I week later I was home, alone, angry, hurting. Inside of a year I was fighting to kick alcohol. Two years later I was married. Four more years passed and I was divorced. Two more years went by and I remarried. Eight years later I was again divorced and alone.

Spring came to Georgia, and I knew I couldn’t keep going the way I was going. Within a week I’d resigned my corporate job, cashed in my retirement, sold my house, sold my Mercedes, and bought the big Harley I’d imagined owning for longer than I could remember. I rolled out of Atlanta at ten on a Friday night and headed north on Interstate 85.

An hour before sunrise ,I parked the bike in front of the Lincoln Memorial, saluted Abe, and turned toward The Wall. I don’t walk fast.
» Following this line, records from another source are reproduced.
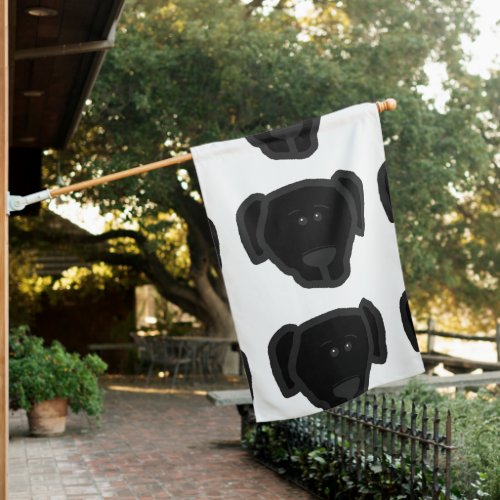 blk lab cartoon head house flag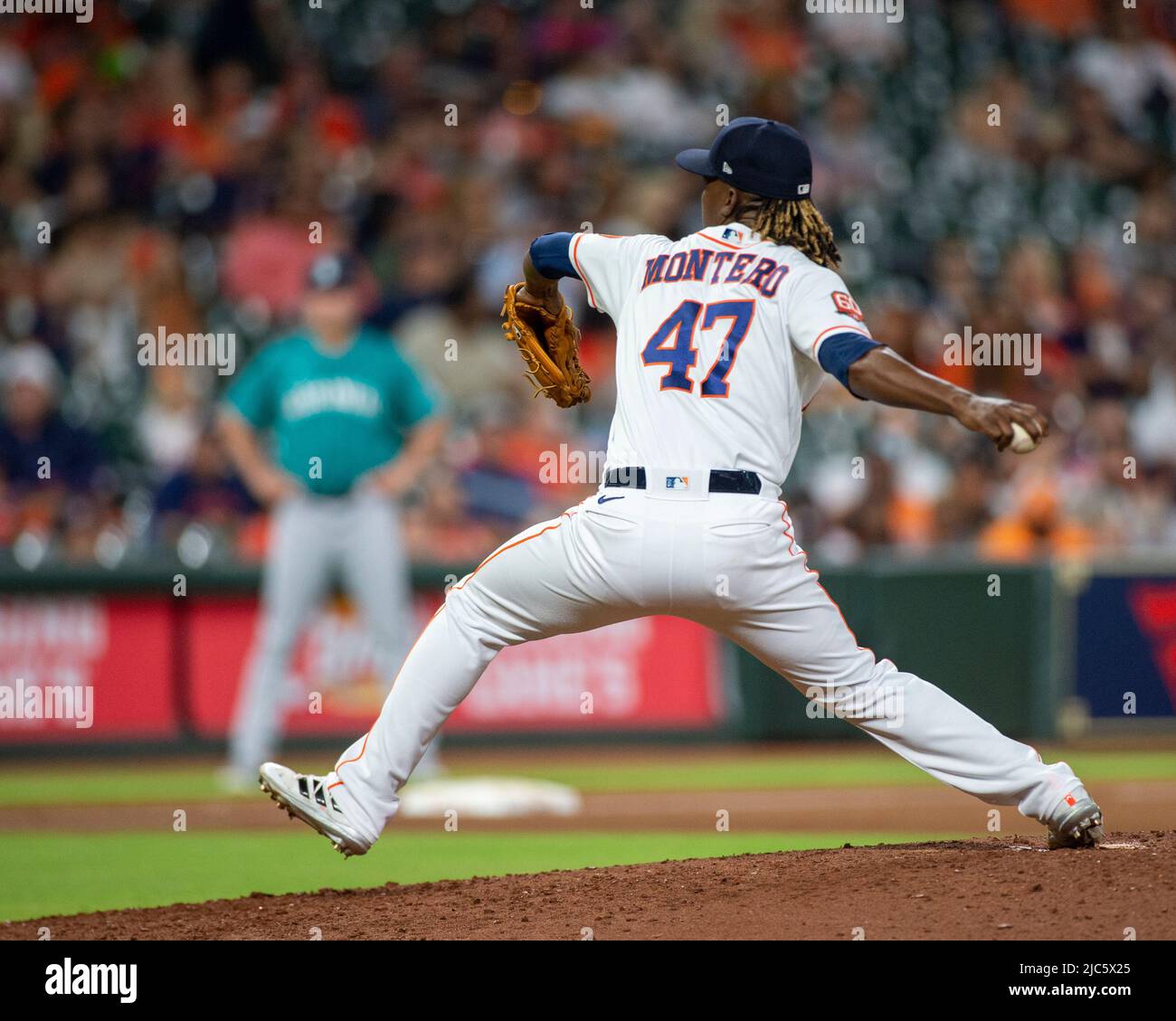 Rafael Montero of the Houston Astros pitches during Game 5 of the News  Photo - Getty Images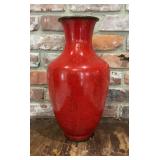 Red Chinese-Style Geometric Pattern Vase with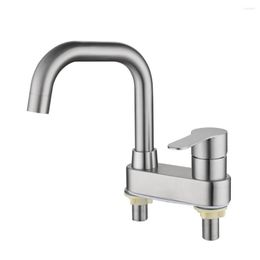 Bathroom Sink Faucets Tap Faucet Basin Accessories Single Handle 2 Holes 304 Stainless Steel Ceramic Valve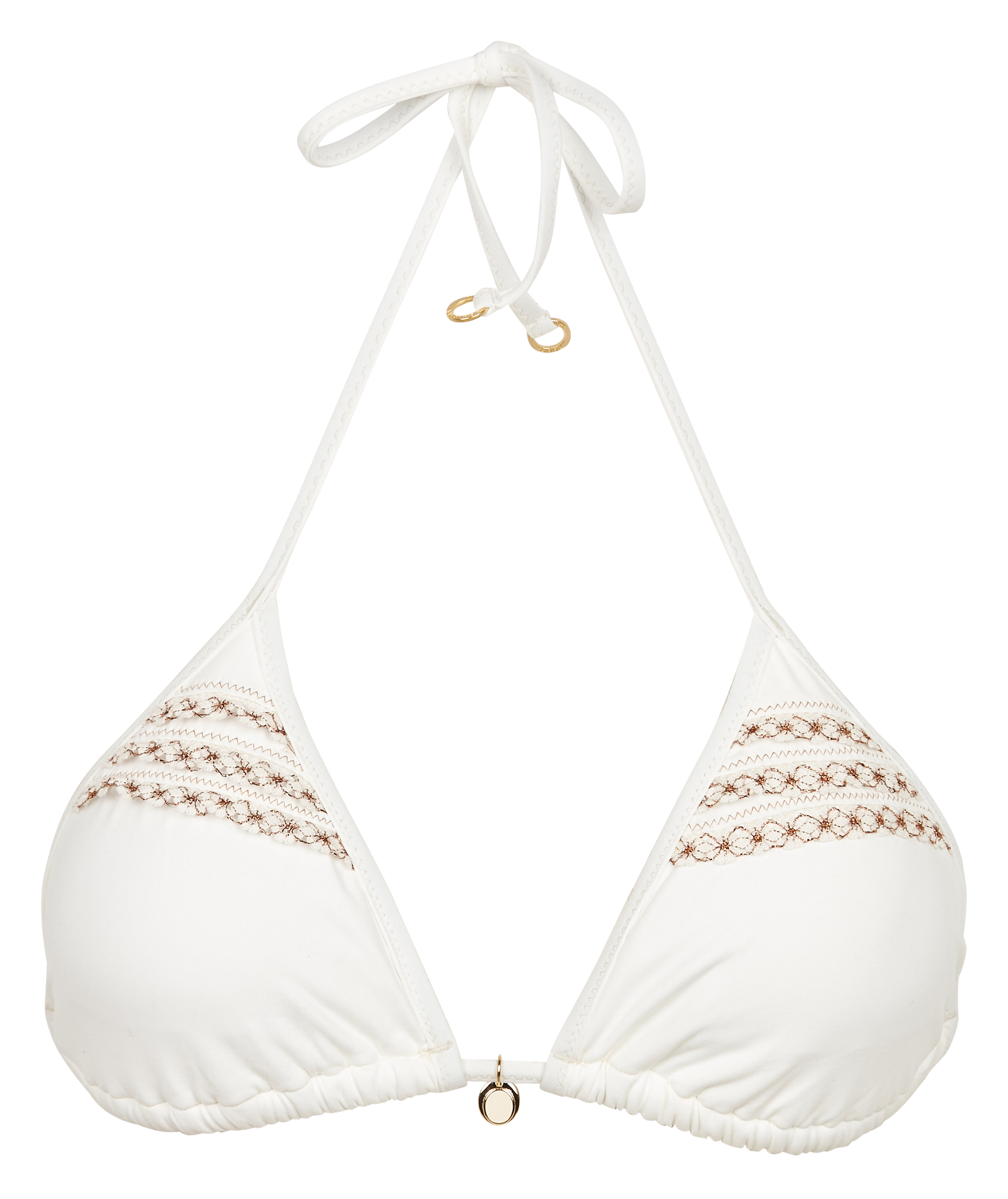 BOKAO LARISAND - Haut de maillot de bain triangle brodé | Beige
I haven’t since getting shot up, but thanks to Miss Kitty, I do walk. After walking the length of The Wall, stopping often to listen to the hushed voices of those whose names are carved in the granite, I turned toward the Women’s memorial. I was the only person moving in the area. The sound of my footsteps seemed to be amplified.

I didn’t notice the small figure sitting on the sidewalk beside the Women’s Monument ,until my footsteps got her attention, and she turned toward me. “Maddog? Maddog, is that you?”

I stopped cold. “Miss Kitty…”

She was in my arms before I could say anymore. Neither of us said a word for a long time. Hell, we couldn’t talk. Finally, she managed to say, “I heard your footsteps. That sound is branded on my brain. Oh, Maddog….”

Again it took us a while to regain the power of speech. When we did, we couldn’t shut up. Thirty minutes later I shifted the Harley into fifth gear and let it ease up to 70 miles an hour, I dropped my left hand off the handlebar and reached back until she grabbed it, and placed it on her thigh. Leaning forward she shouted in my ear, “It’s finally time, Maddog.”

I didn’t try to answer, I just squeezed her thigh. For the first time in almost twenty years the world was right.